TATA CARA MEMPERBAIKI MAKAM LELUHUR YANG RUSAK

TATA CARA MEMPERBAIKI MAKAM LELUHUR YANG RUSAK

Ivan Taniputera
5 Desember 2014



Berikut ini adalah tata cara memperbaiki makam leluhur yang rusak. Waktu memperbaiki makam adalah beberapa saat sebelum Qingming (清明, Hokkian: Ceng Beng). Sebelum mengawali renovasi atau perbaikan maka perlu bersembahyang pada Dewa Bumi Setempat (Tudishen, 土地神).
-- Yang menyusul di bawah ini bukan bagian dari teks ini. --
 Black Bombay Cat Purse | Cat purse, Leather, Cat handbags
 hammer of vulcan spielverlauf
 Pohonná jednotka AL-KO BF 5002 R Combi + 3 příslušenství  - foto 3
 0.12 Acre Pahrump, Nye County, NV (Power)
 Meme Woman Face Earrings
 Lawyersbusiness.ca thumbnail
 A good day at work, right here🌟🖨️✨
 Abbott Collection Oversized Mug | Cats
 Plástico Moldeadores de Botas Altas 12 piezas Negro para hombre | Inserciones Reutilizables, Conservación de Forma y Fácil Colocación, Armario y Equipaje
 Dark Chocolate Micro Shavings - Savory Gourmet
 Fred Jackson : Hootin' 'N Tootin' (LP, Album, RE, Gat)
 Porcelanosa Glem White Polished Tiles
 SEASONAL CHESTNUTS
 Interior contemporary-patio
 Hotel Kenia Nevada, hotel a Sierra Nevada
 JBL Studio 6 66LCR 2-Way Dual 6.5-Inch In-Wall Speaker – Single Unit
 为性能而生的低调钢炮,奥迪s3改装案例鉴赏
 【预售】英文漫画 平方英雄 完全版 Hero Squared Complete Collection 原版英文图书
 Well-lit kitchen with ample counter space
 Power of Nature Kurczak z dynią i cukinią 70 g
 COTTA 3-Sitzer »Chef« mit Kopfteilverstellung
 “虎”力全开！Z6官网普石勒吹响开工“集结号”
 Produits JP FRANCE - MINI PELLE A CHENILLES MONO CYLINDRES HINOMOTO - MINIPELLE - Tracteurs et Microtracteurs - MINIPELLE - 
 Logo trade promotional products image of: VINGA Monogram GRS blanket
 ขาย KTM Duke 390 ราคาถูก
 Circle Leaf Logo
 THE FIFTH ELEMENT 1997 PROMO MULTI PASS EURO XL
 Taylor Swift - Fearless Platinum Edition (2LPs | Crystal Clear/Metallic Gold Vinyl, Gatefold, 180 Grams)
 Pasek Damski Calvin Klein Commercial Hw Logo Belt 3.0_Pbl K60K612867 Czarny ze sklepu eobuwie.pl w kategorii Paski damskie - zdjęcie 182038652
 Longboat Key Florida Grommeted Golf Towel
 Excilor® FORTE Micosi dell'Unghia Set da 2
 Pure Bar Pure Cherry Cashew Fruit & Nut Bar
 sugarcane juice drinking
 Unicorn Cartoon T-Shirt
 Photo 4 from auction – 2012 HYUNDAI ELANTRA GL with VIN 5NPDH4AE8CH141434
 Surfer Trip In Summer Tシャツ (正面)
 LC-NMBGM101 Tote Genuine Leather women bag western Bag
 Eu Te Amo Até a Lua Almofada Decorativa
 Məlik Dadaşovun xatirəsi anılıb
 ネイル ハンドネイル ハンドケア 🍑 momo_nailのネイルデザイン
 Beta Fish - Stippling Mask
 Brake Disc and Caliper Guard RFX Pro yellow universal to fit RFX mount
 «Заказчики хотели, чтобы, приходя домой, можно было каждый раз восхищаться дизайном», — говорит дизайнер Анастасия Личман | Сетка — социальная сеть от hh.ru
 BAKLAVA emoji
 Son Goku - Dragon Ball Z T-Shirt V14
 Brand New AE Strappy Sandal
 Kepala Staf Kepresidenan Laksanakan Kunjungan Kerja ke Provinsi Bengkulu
Ada pun sesajian yang diperlukan adalah:

1. Lilin sepasang.
2. Teh tiga cangkir.
3. Manisan yang dipergunakan untuk sembahyang (seperti beligu, gula batu dan lain-lain) sepiring.
4. Jamur hioko dan lain-lain.
5. Kue-kue seperti moho, kue ku, kue mangkok, dan lain-lain.
6. Nanas sebuah
7. Kertas uang-uangan untuk sembahyang.

Selanjutnya ucapkan kalimat-kalimat sebagai berikut:

"Yang Mulia Kongco Dewa Bumi (
Tudishen, 土地神) selaku Dewa Penguasa Setempat:
Hari ini [sebut tanggal hari ini], saya [sebut nama sendiri], memohon izin mulai memperbaiki makam [kakek/nenek, dan lain-lain] saya bernama [sebut nama leluhur]. Jikalau saat perbaikan makam terdapat kesalahan-kesalahan, mohon Yang Mulia Dewa Bumi bersedia memaafkan. Atas izin Yang Mulia Dewa Bumi, saya mengucapkan banyak terima kasih. Berikut ini adalah persembahan untuk Yang Mulia Dewa Bumi beserta para pengawalnya sekalian. Semoga para keturunan sekalian dilimpahi kesejahteraan."

Sembahyang dengan hio (dupa) sebanyak 3 atau 12 batang.

Tatacara di atas dapat disesuaikan dengan agama dan kepercayaan masing-masing.